**DATA EXCERPT:**
★ ★ ★ ★

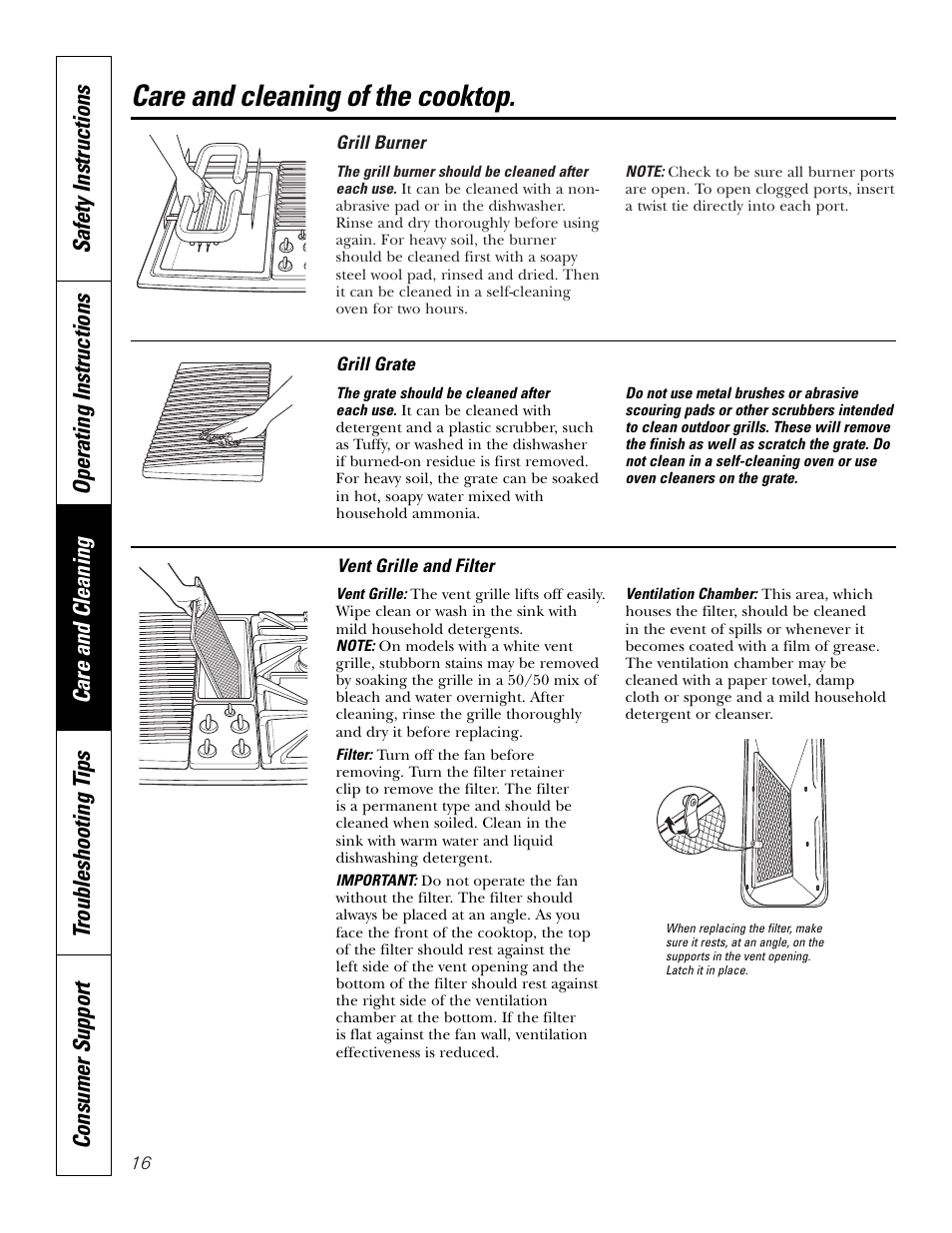 Grill burner, Grill grate, Vent grille and filter | Grill burner grill grate, Care and cleaning of the cooktop | GE JGP990 User Manual | Page 16 / 80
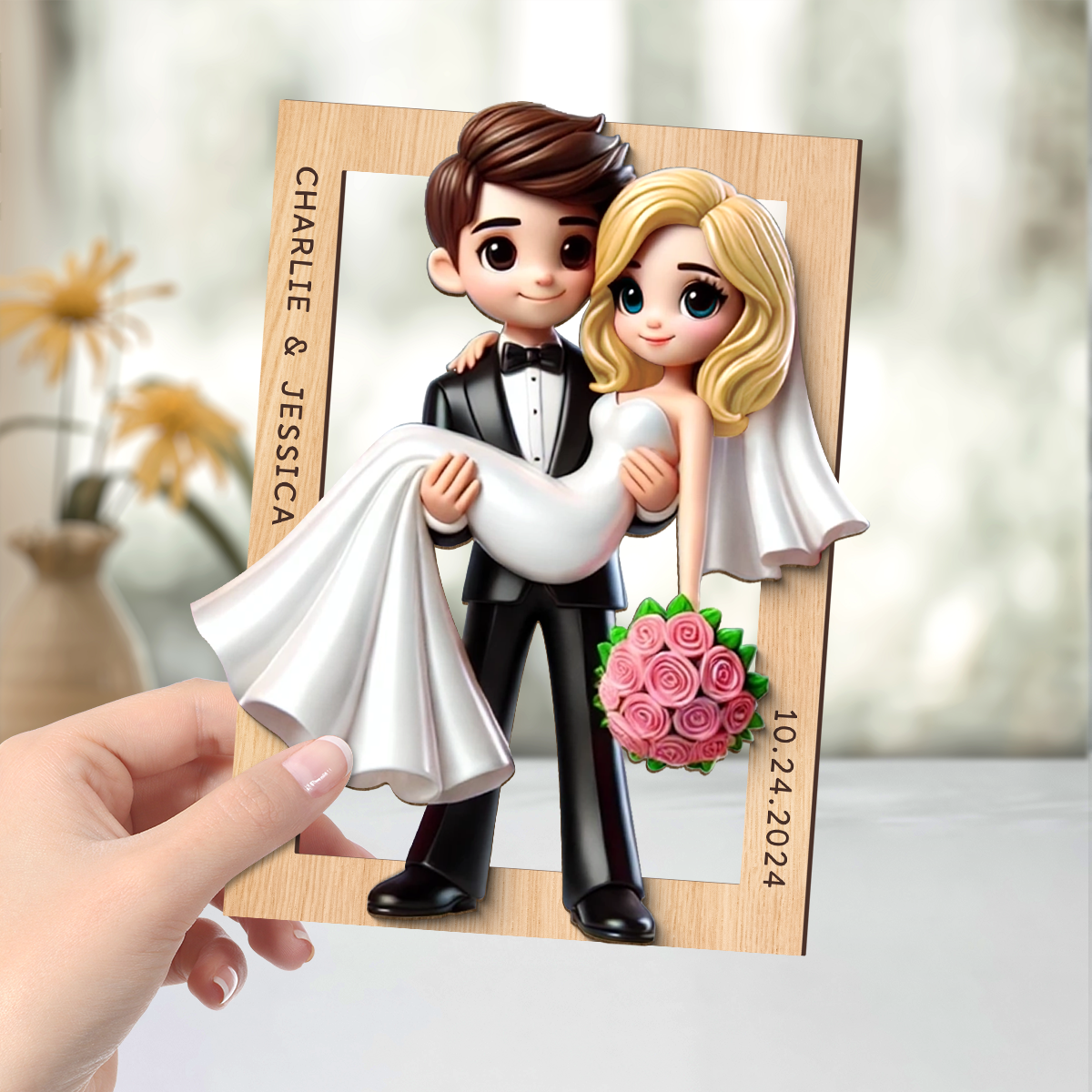 Personalized Mr Mrs First Year Married Couple Personalized 2-Layered Wooden Plaque, Gift for him, Gift for her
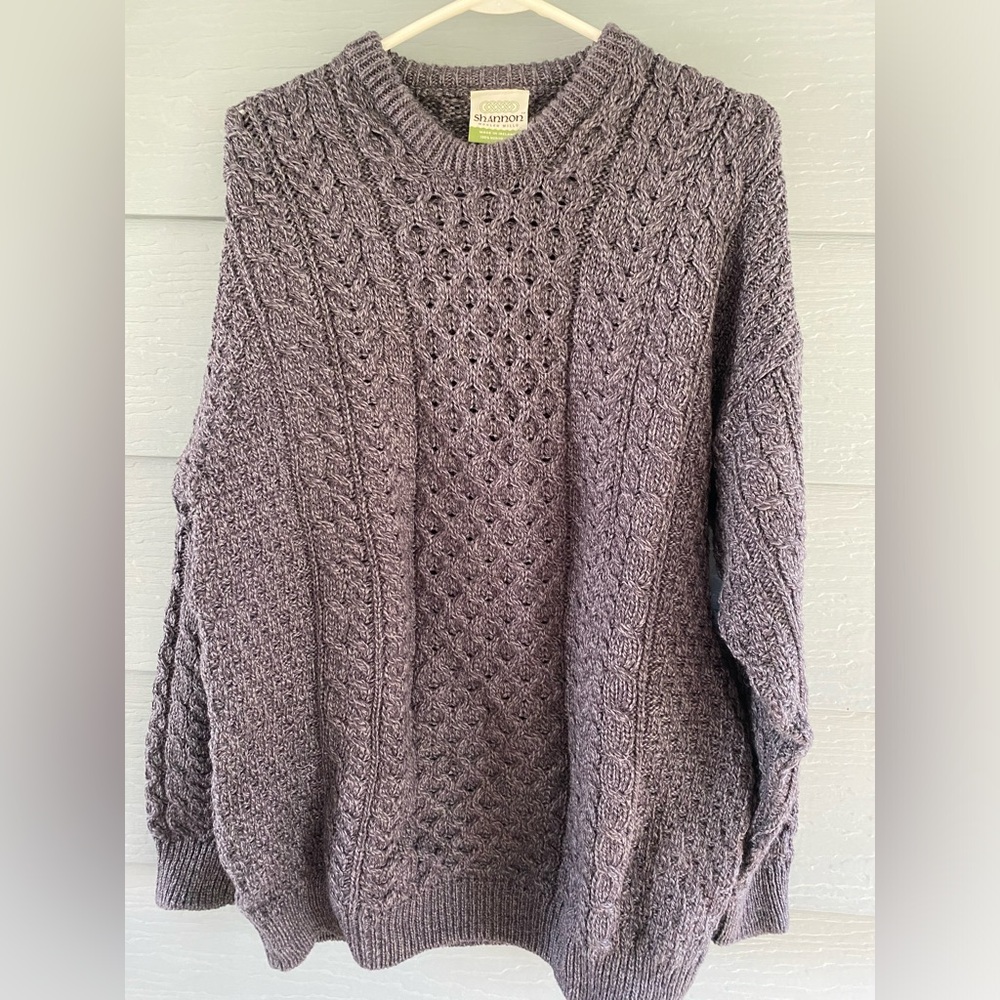 Shannon Woolen Mills Merino Wool Cardigan Sweater XL Charcoal Ireland Fisherman - Picture 2 of 3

★ ★ ★ ★

**TO DO:** Only the pictures are to be dropped; the rest of the material above must be duplicated exactly.

**RESULT:**
 Grill burner, Grill grate, Vent grille and filter | Grill burner grill grate, Care and cleaning of the cooktop | GE JGP990 User Manual | Page 16 / 80
 Personalized Mr Mrs First Year Married Couple Personalized 2-Layered Wooden Plaque, Gift for him, Gift for her
 Shannon Woolen Mills Merino Wool Cardigan Sweater XL Charcoal Ireland Fisherman - Picture 2 of 3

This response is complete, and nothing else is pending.